In the early Tertiary, mid-latitudes of North America were much warmer than they are now, but not fully tropical, and temperate deciduous forests, associated with strongly seasonal climates, occurred only in the far north (Barghoorn, 1953; Colbert, 1953; Darlington, 1963:589, 590). Major climatic deteriorations, with their attendant cooling of northern continents, occurred during the Eo-Oligocene transition, in the middle Miocene, at the end of the Miocene, and at about 3 MYBP (late Pliocene). This last deterioration corresponds with closure of the Panamanian isthmus (Berggren, 1982; Webb, 1985a). Climatic deterioration went on at an accelerating rate during the late Tertiary, with glacial conditions developing at the poles by the mid-Pliocene (Barghoorn, 1953). Therefore, throughout the Tertiary, as continents cooled, northern climate zones moved toward the tropics (Barghoorn, 1953; Colbert, 1953; Darlington, 1963:589, 590, 594, 595; Webb, 1985a).

Table 1.—Classification of recent Procyonidae after Wozencraft (1989a) and Decker and Wozencraft (1991). Information in parenthesis indicates general geographic distribution (modified from Kortlucke and Ramirez-Pulido (1982) and Poglayen-Neuwall (1975)): S.A. = South America; C.A. = Central America; M. = Mexico; U.S. = United States; C. = Canada. Lower case letters preceding geographic areas signify north (n), south (s), and west (w).
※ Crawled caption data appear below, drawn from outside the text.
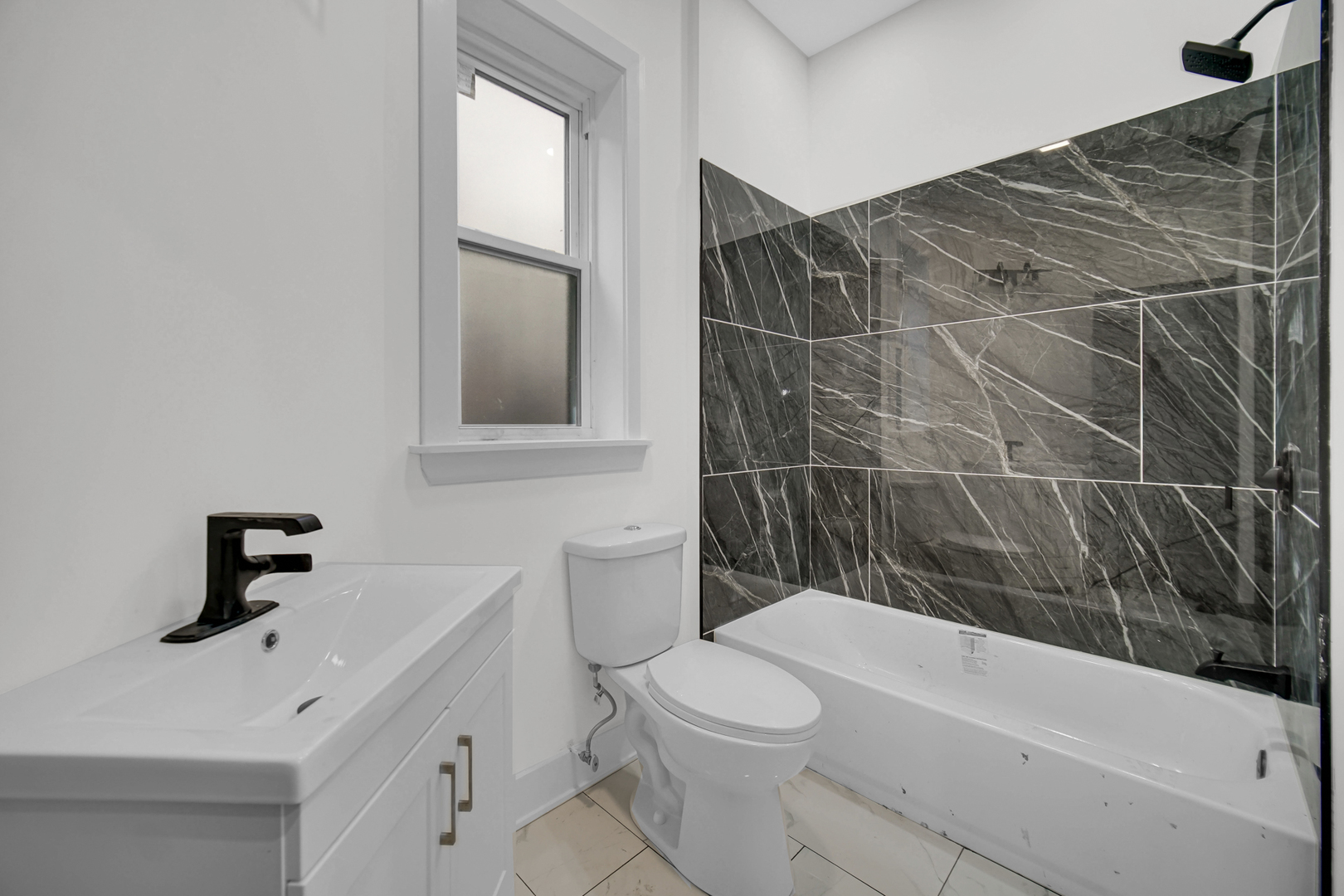 4343 South Ellis Avenue Chicago IL 60653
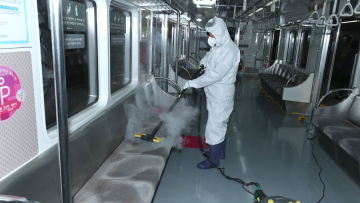 Κορωνοϊός: «Καρατομήθηκαν» τα κορυφαία κομματικά στελέχη σε Χουμπέι και Ουχάν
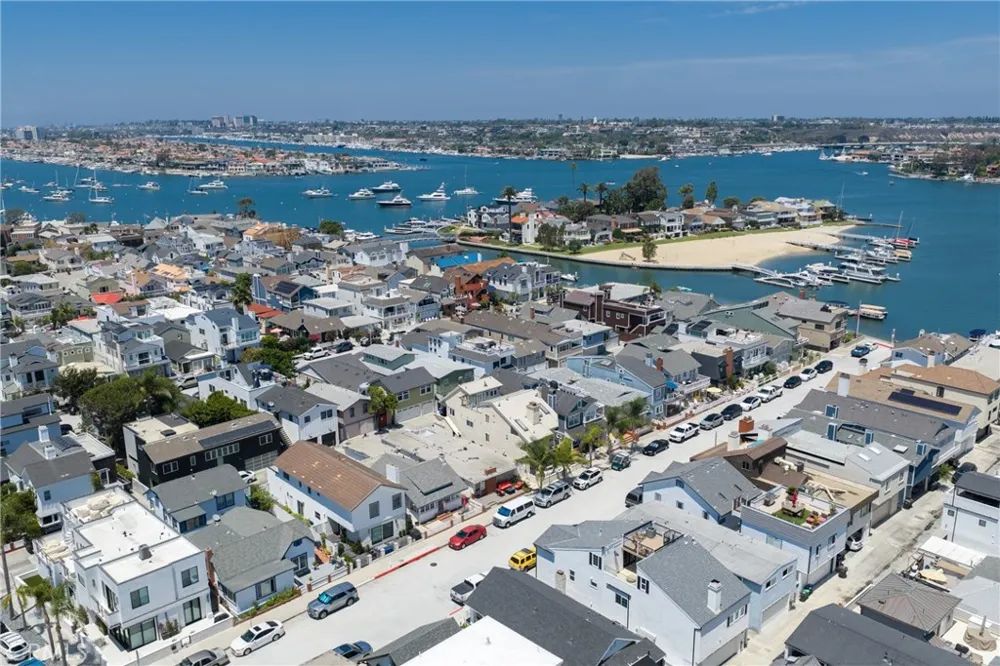 313 Alvarado Newport Beach, CA 92661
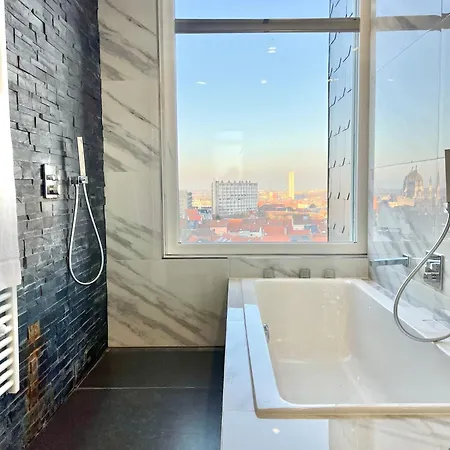 Lovely Loft In Panoramic View! アパート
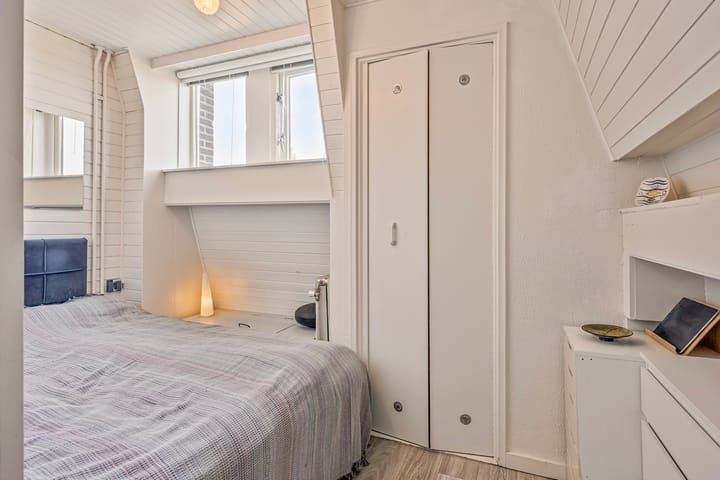 Photo 21 of Dr. Schaepmanlaan 110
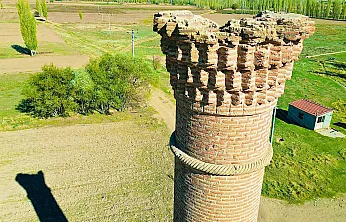 Mescidi Yanan Caminin Minaresi 200 Yılı Aşkın Süredir Zamana Meydan Okuyor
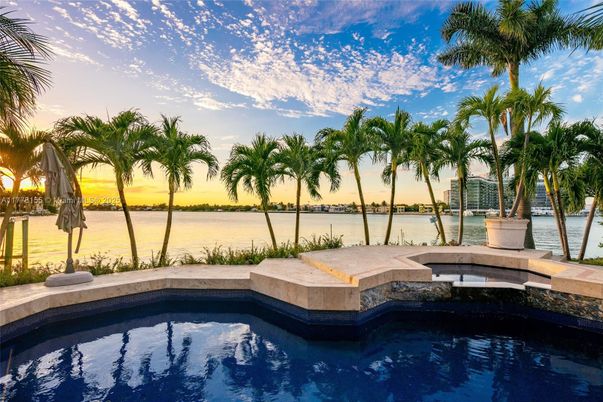Exterior, Pool, Water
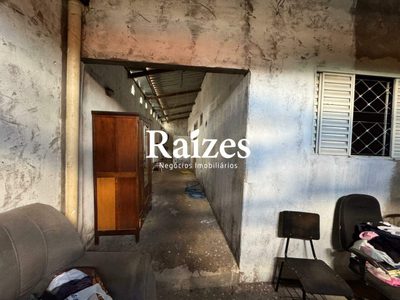 Casa, 3 quartos, 250 m² - Foto 2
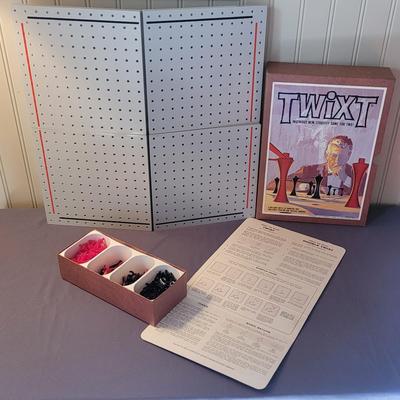 1962 Twixt: Ingenious Strategy Game for Two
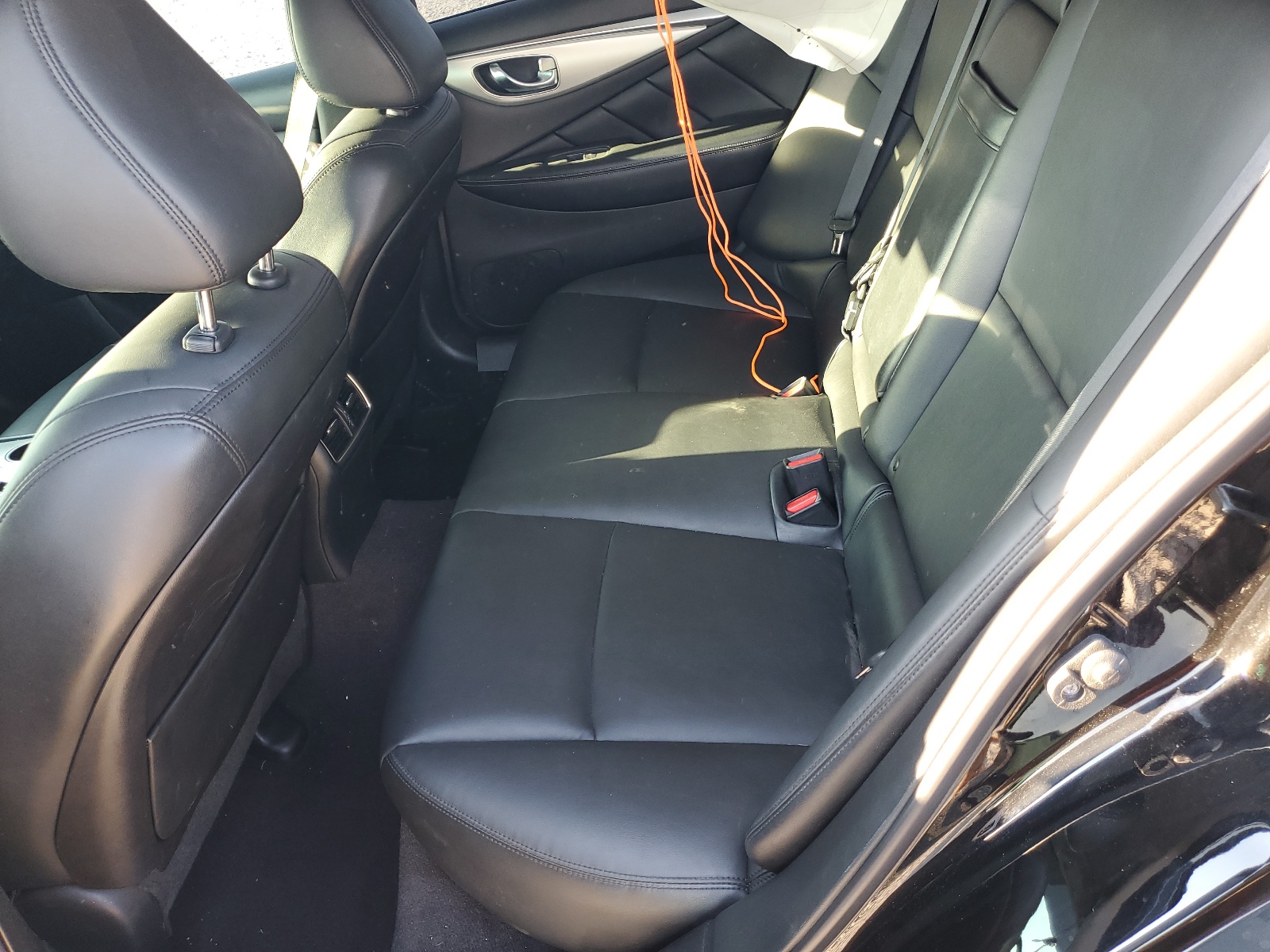 JN1EV7AR2KM592657 2019 Infiniti Q50 Luxe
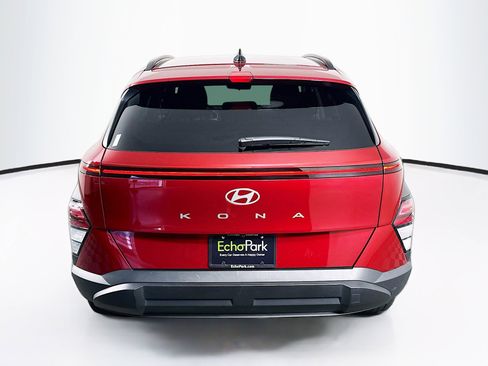Used 2025 Hyundai Kona SEL image 7
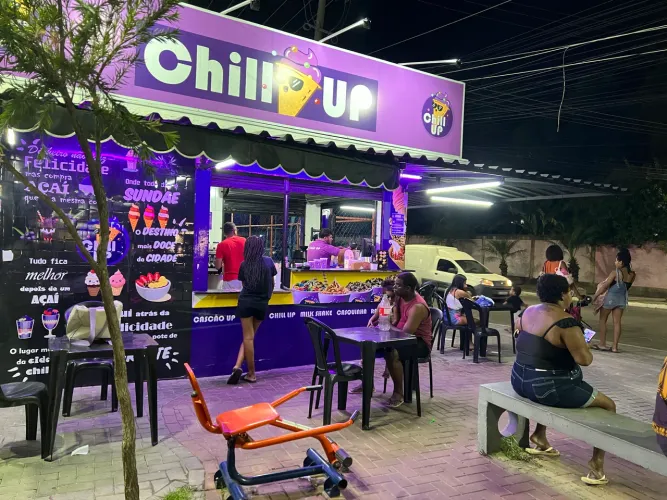 Passo sorveteria com tudo dentro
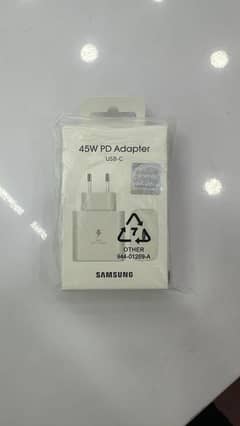 Samsung Super Fast 2.0 45 Watt Fast Charger And Cable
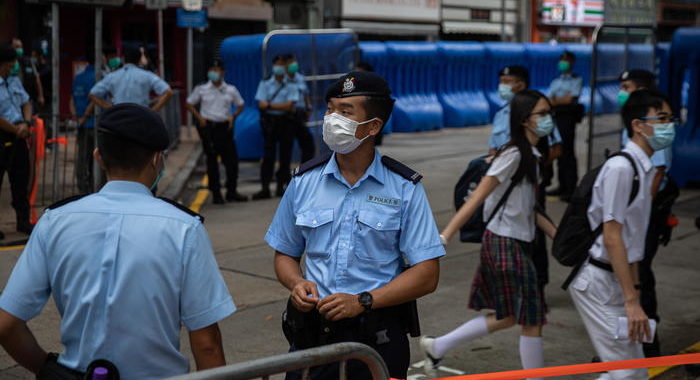 Hong Kong:Gb impone embargo su armi e mezzi di polizia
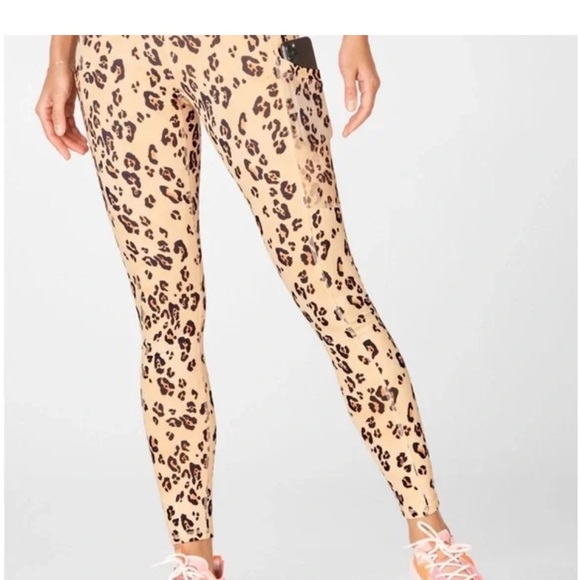 FABLETICS Desert 🌵 Leopard 🐆 Print POWERHOLD High-Waisted Leggings size XS - Picture 9 of 11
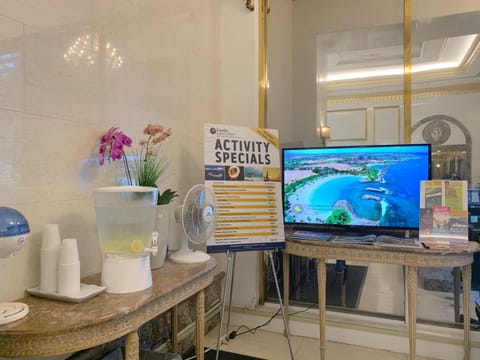 Vacation Rental Suites at Royal Garden Waikiki Condominio in McCully-Moiliili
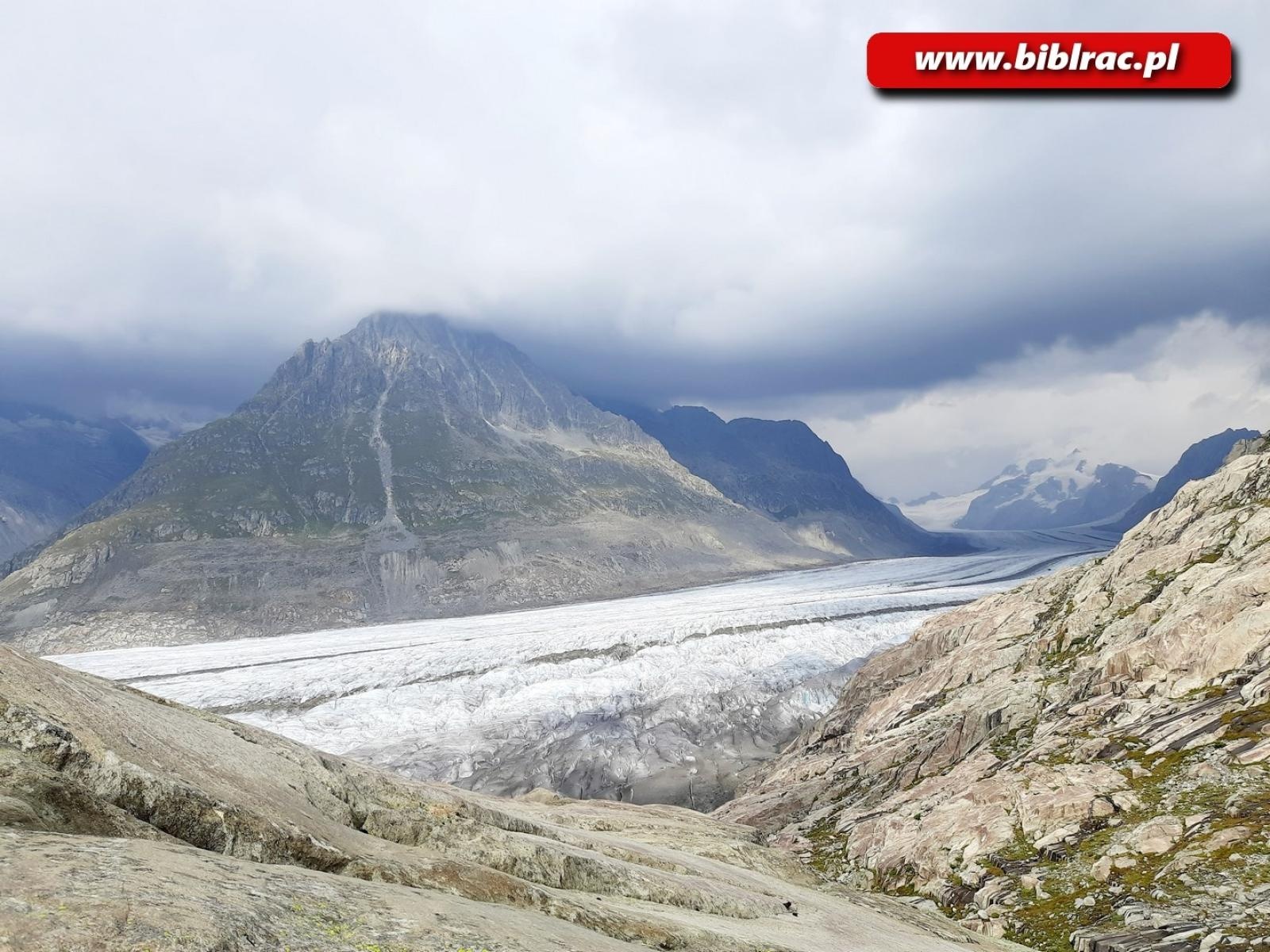 Zdjęcie w galerii na portalu naszraciborz.pl: Morwand i topniejące lodowce - slajdowisko o Szwajcarii w bibliotece w Markowicach wiadomości z regionu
Order Carnivora Bowdich, 1821
Suborder Caniformia Kretzoi, 1945
Family Procyonidae Gray, 1825
Subfamily Potosinae Trouessart, 1904
Genus Potos E. Geoffroy and G. Cuvier, 1795
P. flavus (S.A., C.A., M.)
Genus Bassaricyon Allen, 1876
B. alleni[A] (S.A.)
B. beddardi[A] (S.A.)
B. gabbii[A] (nS.A., C.A.)
B. lasius[A] (C.A.)
B. pauli[A] (C.A.)
Subfamily Procyoninae Gray, 1825
Genus Bassariscus Coues, 1887
B. astutus (M., wU.S.)
B. sumichrasti (C.A., M.)
Genus Nasua Storr, 1780
N. narica[B] (nS.A., C.A., M., swU.S.)
N. nasua[B] (S.A., sC.A.)
Genus Nasuella Hollister, 1915
N. olivacea (S.A.)
Genus Procyon Storr, 1780
P. cancrivorus (S.A., sC.A.)
P. gloveralleni[C] (Barbados)
P. insularis[C] (Maria Madre Is., Maria Magdalene Is.)
P. lotor[C] (C.A., M., U.S., sC.)
P. maynardi[C] (Bahamas, New Providence Is.)
P. minor[C] (Guadeloupe Is.)
P. pygmaeus[C] (M., Quintana Roo, Cozumel Is.)

[A] The several named forms of Bassaricyon are a single species, Bassaricyon gabbii (Wozencraft, 1989a).
[B] These are considered conspecific in some current taxonomies (Kortlucke and Ramirez-Pulido, 1982); however, the scheme followed here maintains them as separate species (Decker, 1991).
[C] Several named forms of Procyon are a single species, Procyon lotor (Wozencraft, 1989a).